Latest Solidarity Issue

Because we receive so many letters to Solidarity, we cannot print them all and reserve the right to edit for length.

Please keep letters brief and include your name, address and local union number.

Send to:

Solidarity magazine, International Union, UAW, 8000 E. Jefferson Ave.

Detroit, MI 48214

or e-mail to:

uawsolidarity@uaw.net.


From the readers


CAROL SIMPSON DESIGNWORKS
CAROL SIMPSON DESIGNWORKS

Congrats, GM workers!

To my UAW brothers and sisters at the big table:

Good job on reaching the tentative agreement with General Motors, and thanks to all who did their part for all of us workers and retirees.

Now go home and get some rest – and remember to have GM sign with ink.

Randy Burlison
UAW Local 174 retiree
Novi, Mich.

Historical perspective

On Sept. 24 when the UAW strike against GM began, the day brought two conflicting frames for understanding the situation. Throughout the day, most commentators framed the situation in strictly economic terms.

Then much later in the day, PBS aired “The War,” which inconveniently framed the whole automobile sector in national security terms. With the nation’s security unarguably threatened, it recounted how Michigan’s Willow Run plant was converted from producing cars and trucks to producing bombers (at the amazing rate of one every 63 seconds!).

This conversion demonstrates the shortsightedness of a strictly economic view of the UAW GM

situation. The parties are more than automakers just-in-time; they are also bombermakers just-in-case. And “The War” might have had a different outcome to report if today’s advocates of globalization had had their way back then.

Robert A. Letcher, Ph.D.
Columbus, Ohio
Drive American

Drive American

As “snowbirds” driving back and forth from Florida each winter, my wife and I noticed that most of the lightweight pickups, medium-sized delivery and heavy-duty trucks were “made in America.”

Sometimes we purposely took back roads to see what we’d find.

Sure enough, most of the trucks we encountered along the way – new and old – were GM, Ford and Chrysler products. Amen!

I truly believe whatever the secret is that keeps generation after generation of Americans buying most of the U.S.-made trucks remains alive and well in the good old USA.
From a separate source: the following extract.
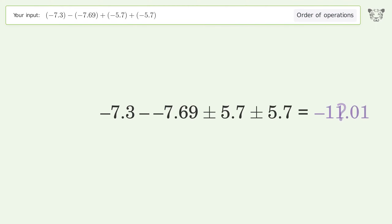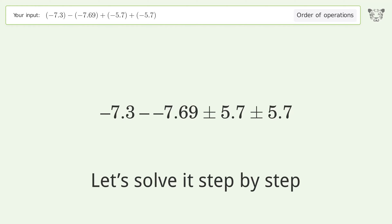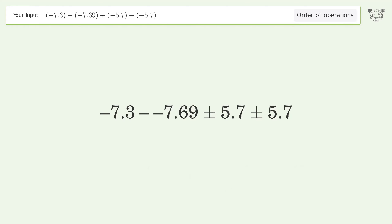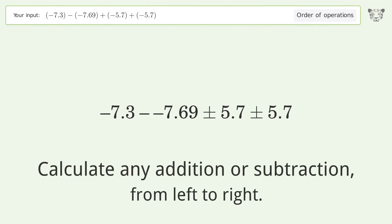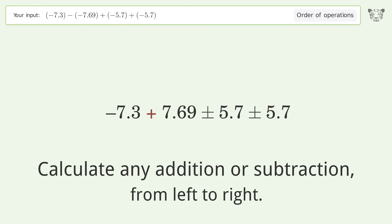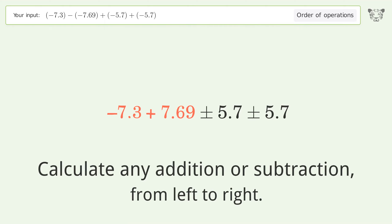You asked Tiger to calculate. This deals with the order of operations — the final result is negative 11.01. Let's solve it step by step. For addition or subtraction, we calculate from left to right, and minus and minus make a plus.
Some things about America need no explanation.

David Metzler
UAW Local 1714 retiree
Milton Township, Ohio

Talk up union cars

I urge all my fellow UAW members to congratulate all those buying American- and union-made cars. Make your message known when relatives and friends drive those foreign cars into your driveway. Explain what they are doing to your job.

The future is up to all of us. Get involved.

Milford C. Walker
UAW Local 923 retiree
Pico Rivera, Calif.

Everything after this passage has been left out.